The Times article also notes he feared violence (specifically from armed thugs at his wedding). Which isn't surprising considering other violent incidents, like the guy who tried to gun down Steve Scalise at a baseball game, countless petty screaming and grabbings and punchings of anyone wearing a MAGA hat, etc.
It happens at every level, too. Not just Google developers telling Damore "I will keep hounding you until one of us is fired. Fuck you." But even high-level Democratic party politicans openly calling for Trump admin officials to be harassed in every public space:
https://www.nbcnews.com/politics/politics-news/rep-waters-dr...
This sort of thing filters up and down; Maxine Waters said that because it's a fairly normal attitude in her peer group.
Another example - the violent mobbing of Charles Murray and Allison Stanger. Stanger ended up in the hospital in a neck brace.
https://www.theatlantic.com/politics/archive/2017/03/middleb...
This is off the top of my head. There's lots more.
I'm sure there is. But there's no way to pretend that it at all approaches the scale of discrimination that women or blacks or gays have been subjected to. The mere existence of violent reprisals doesn't put their victimization on an equal footing with those who had to fear the KKK. Those events are currently far more exceptional than gay-bashing or lynching of blacks have been in the past.

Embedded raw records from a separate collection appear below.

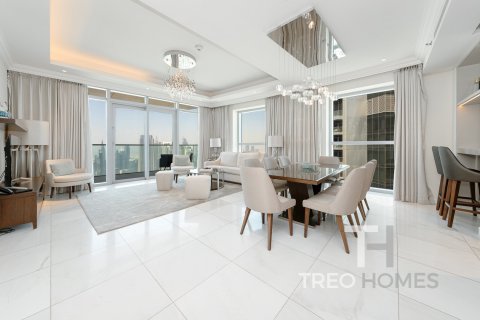 Apartment in Burj Khalifa, Dubai 3 bedrooms, 186 sq.m. № 13351 - photo 2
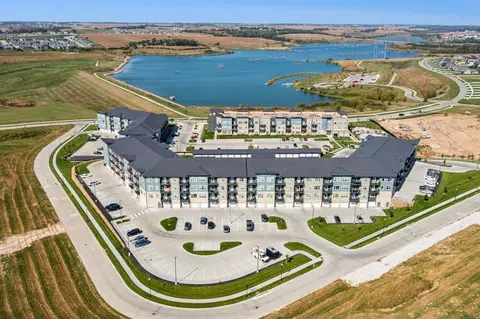 5515 N Hsw Cleveland Blvd #2202, Omaha, NE 68116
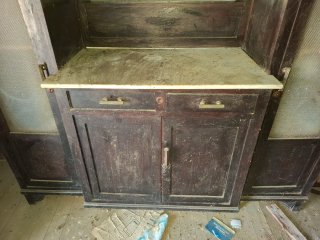 Alacena antigua de madera y cristal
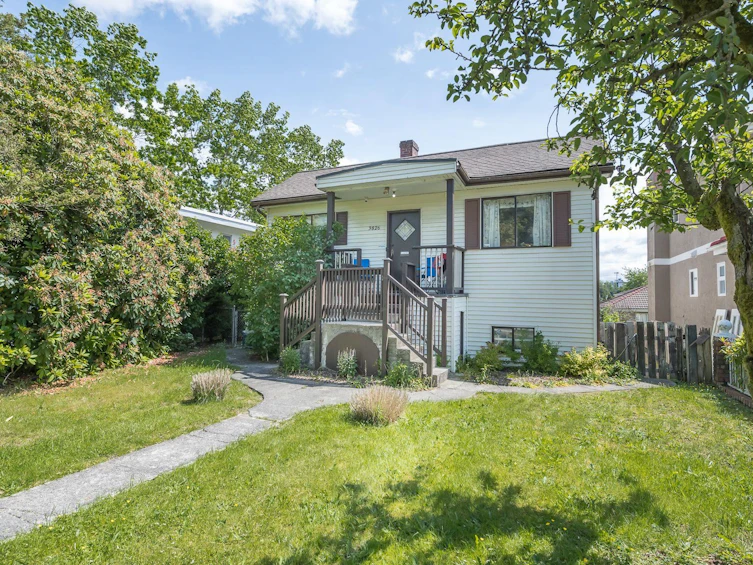 3826 Glendale Street, Vancouver, BC, V5R 1C5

And among your specific examples, all but Stanger were activists working in support of political causes that put other minorities in a very understandable defensive mood, given how government-supported white nationalism would obviously cause far more harm than white nationalists have been receiving from the riots they help incite. (This is not to say that they were deserving of violence because of their activism, but it means they aren't a representative sample of their political group as a whole.)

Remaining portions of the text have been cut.